EXERCISE DESCRIPTION
Could you restate all of the records exactly, leaving out the pictures?

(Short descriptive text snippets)
══════════

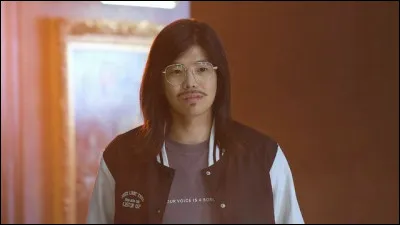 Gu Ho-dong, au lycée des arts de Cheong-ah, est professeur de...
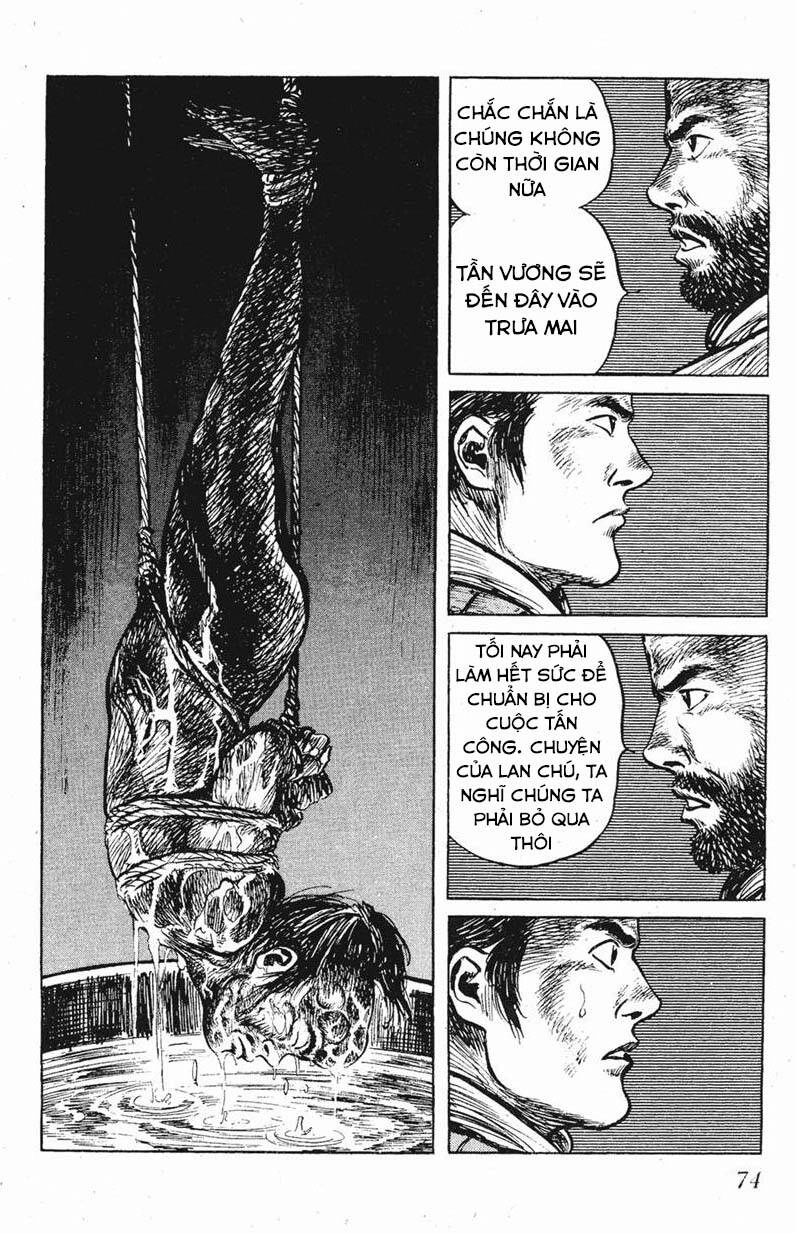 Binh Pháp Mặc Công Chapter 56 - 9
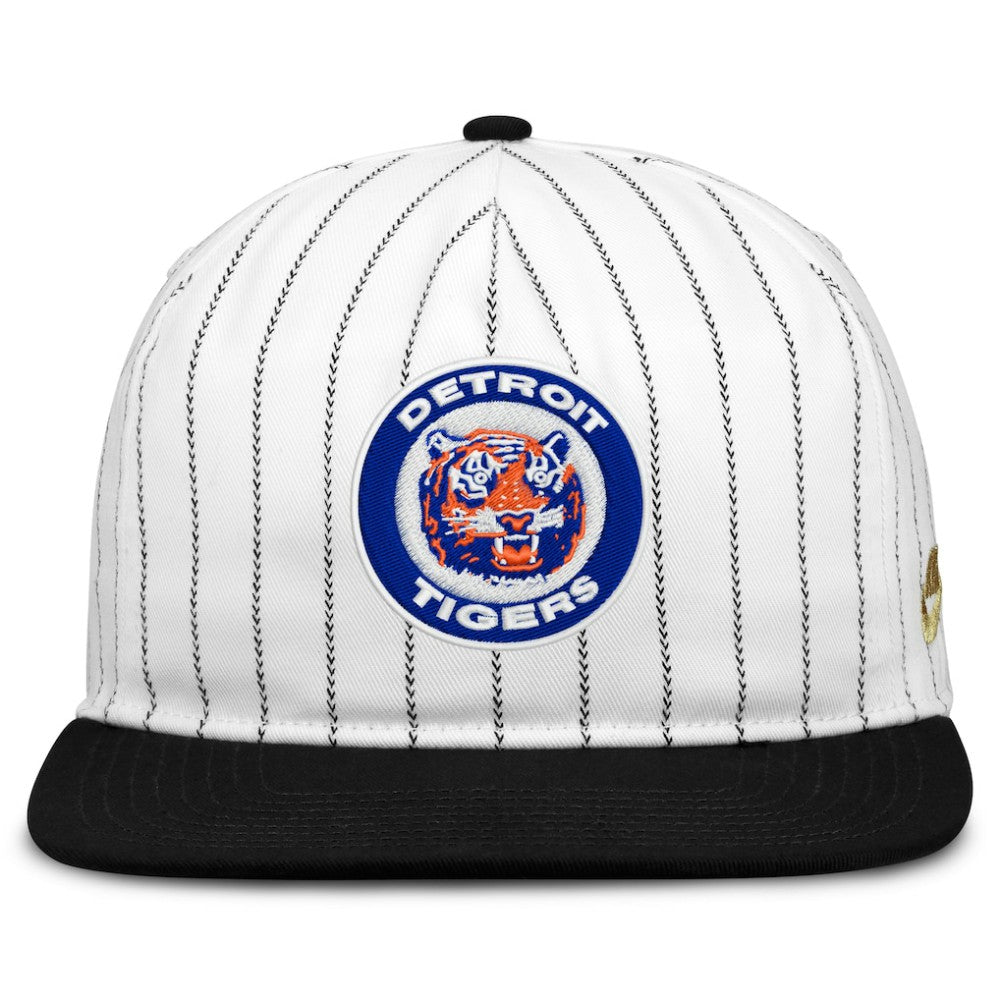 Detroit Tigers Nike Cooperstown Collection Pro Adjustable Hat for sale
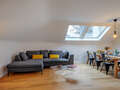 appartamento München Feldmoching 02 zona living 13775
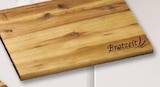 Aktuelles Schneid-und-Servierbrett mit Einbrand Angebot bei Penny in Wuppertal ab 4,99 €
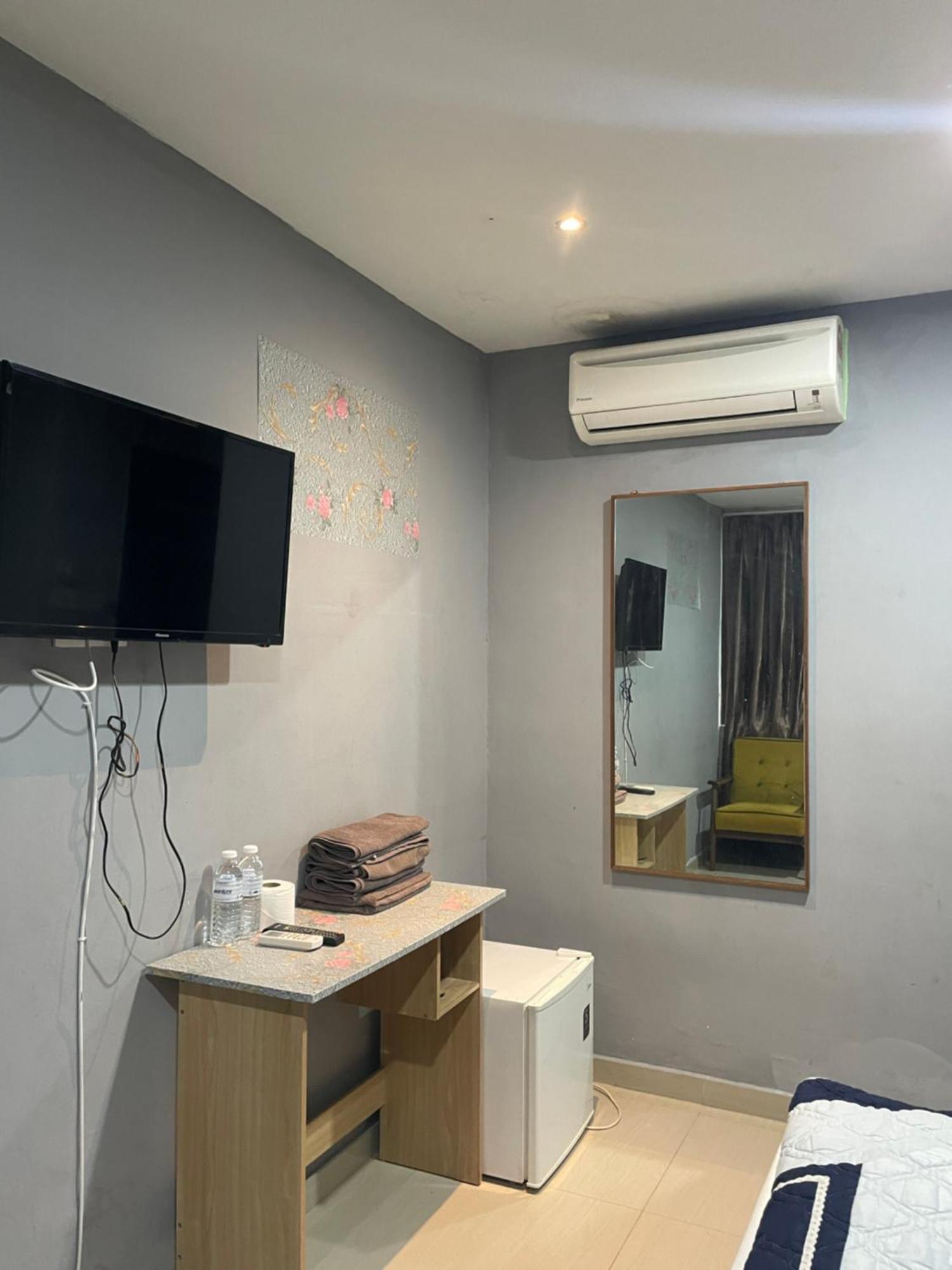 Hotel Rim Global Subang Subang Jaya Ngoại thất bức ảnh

══════════

RESPONSE TO THIS TASK
 Gu Ho-dong, au lycée des arts de Cheong-ah, est professeur de...
 Binh Pháp Mặc Công Chapter 56 - 9
 Detroit Tigers Nike Cooperstown Collection Pro Adjustable Hat for sale
 appartamento München Feldmoching 02 zona living 13775
 Aktuelles Schneid-und-Servierbrett mit Einbrand Angebot bei Penny in Wuppertal ab 4,99 €
 Hotel Rim Global Subang Subang Jaya Ngoại thất bức ảnh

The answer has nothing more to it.